■ **DATA EXTRACTS**:
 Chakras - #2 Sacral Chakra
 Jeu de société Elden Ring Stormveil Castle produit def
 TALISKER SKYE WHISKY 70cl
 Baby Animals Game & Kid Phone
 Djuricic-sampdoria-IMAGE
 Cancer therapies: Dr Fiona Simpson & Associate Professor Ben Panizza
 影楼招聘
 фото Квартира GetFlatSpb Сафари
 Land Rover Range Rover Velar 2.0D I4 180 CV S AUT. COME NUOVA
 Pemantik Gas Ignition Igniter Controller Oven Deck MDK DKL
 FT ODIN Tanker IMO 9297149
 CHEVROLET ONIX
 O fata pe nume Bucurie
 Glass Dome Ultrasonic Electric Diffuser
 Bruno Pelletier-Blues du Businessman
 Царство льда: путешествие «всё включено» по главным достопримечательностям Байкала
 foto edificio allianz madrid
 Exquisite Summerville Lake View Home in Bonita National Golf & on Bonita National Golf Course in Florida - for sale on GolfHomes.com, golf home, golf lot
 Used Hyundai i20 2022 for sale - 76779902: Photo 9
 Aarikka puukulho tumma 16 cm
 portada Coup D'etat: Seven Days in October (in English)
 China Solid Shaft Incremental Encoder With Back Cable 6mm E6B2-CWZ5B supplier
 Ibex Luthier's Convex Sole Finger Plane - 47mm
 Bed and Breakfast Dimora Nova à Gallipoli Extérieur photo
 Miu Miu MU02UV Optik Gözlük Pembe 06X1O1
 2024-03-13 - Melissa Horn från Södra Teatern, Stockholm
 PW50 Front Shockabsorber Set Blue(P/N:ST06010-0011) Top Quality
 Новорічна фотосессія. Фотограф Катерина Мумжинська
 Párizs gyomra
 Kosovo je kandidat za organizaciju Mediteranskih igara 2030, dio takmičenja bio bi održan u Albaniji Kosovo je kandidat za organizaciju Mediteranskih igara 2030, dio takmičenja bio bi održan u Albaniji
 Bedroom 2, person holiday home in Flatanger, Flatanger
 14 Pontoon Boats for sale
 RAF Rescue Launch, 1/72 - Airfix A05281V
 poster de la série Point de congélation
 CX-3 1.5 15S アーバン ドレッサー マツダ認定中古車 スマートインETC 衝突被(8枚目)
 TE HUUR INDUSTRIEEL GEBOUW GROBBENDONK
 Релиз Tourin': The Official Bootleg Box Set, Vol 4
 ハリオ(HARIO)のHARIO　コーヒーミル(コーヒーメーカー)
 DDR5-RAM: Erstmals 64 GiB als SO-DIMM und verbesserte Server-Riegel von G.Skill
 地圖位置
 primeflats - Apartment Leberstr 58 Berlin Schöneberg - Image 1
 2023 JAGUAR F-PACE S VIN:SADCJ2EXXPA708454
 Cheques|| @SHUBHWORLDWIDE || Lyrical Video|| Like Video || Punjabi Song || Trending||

■ **WHAT THE TASK ASKS**:
For this exercise, copy every line of the data that holds "home".

■ **EXERCISE RESULT**:
 Exquisite Summerville Lake View Home in Bonita National Golf & on Bonita National Golf Course in Florida - for sale on GolfHomes.com, golf home, golf lot
 Bedroom 2, person holiday home in Flatanger, Flatanger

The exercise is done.